What’s so cool about Boost.MPI?

At some point after a client brings us a project proposal, we usually have a conversation about separating the domain-specific part of the job from the infrastructure bits, so we can release the latter part as open source. While we at BoostPro enjoy getting our work out there as FOSS, it can often be a huge win for the customer, reducing long-term maintenance cost and improving code quality, not to mention being good PR. Well, a few years back I got a call from Daniel Egloff, a statistician doing high-performance financial simulations in a Swiss bank—the results of which were of crucial importance to the bank’s future.

Daniel was something of a renegade. He had to be—the official policy at his bank was that everyone was to use Windows and program in Java, so putting together a Debian cluster and assembling a team that could drive it with C++ required swimming against the corporate current, to say the least. But Daniel was also a visionary. It isn’t every day that a new client is so tuned-in to the value and economy of open source libraries that they not only want to release everything we do that way, but they will pay us to shepherd the library through the Boost review process. As a result of our work with Daniel, BoostPro produced three new Boost libraries: Boost.Accumulators, Boost.Time_series, and Boost.MPI. What a year!

Today I want to write a little about Boost.MPI, because it is some very cool technology and because lots of people don’t seem to understand what’s so cool about it.

What’s MPI?

MPI (which stands for Message Passing Interface) is a C-like library API for synchronization and communication between parallel processes, usually running on separate networked computers, sometimes with heterogeneous architectures. If you need to compute something that requires more juice than you can squeeze out of the most powerful single machine, MPI can be a great technology around which to build your application. The library handles all kinds of basic issues, abstracting away details like

  • the OS
  • the communication substrate (ethernet, infiniband, shared memory…)
  • the existence of multiple network interfaces
  • machine architecture (including endian-ness)

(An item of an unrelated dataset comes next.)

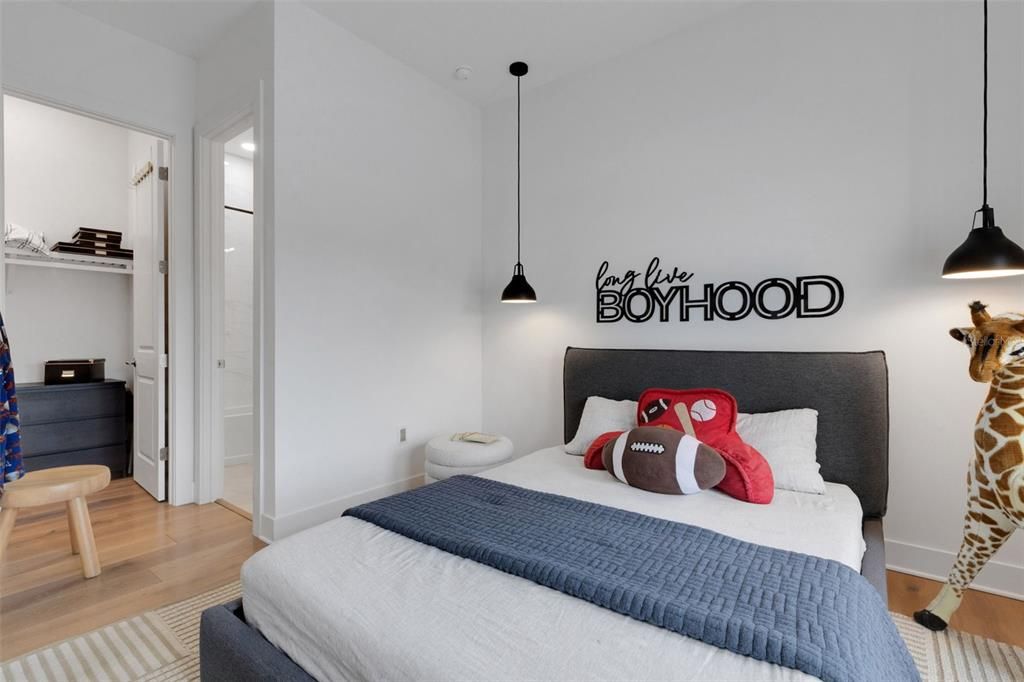 Activo con contrato: $1,599,000 (3 camas, 3 baños, 2675 Pies cuadrados)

Without having to deal with any of these low-level concerns, the MPI user can write straightforward, portable code that orchestrates large-scale parallel computations. There’s lots more to MPI, but those are the basics.

So What’s Boost.MPI?

Boost.MPI is a full-on C++ library wrapper over the MPI API that—quoting from its web page—“better supports modern C++ development styles… and the use of modern C++ library techniques to maintain maximal efficiency.” Which sounds nice-to-have-but-not-too-exciting at first blush. To really appreciate what’s so cool about it, you have to care about making the most of your cluster hardware, and you’ll need to delve into a few of the details about how that hardware works.

Into the Details

Network cards have a fixed-size buffer; sending anything to another process involves getting it into that buffer.1 If the buffer fills up, packets are waiting to go out, and you can’t send anything further until that happens.

One mission of MPI (the non-boost variety) is to provide a portable high-level API for sending out these messages. Therefore, MPI deals with the low-level stuff and has/needs direct access to the network buffers, but code written on top of MPI does not. Actually, some clusters even have multiple network connections, such as connections with tree structure in addition to a channel to six nearest neighbors on a cube, and MPI picks the most appropriate avenue for your communication pattern. So not only don’t you need to, but you actually never want to access the network buffer directly.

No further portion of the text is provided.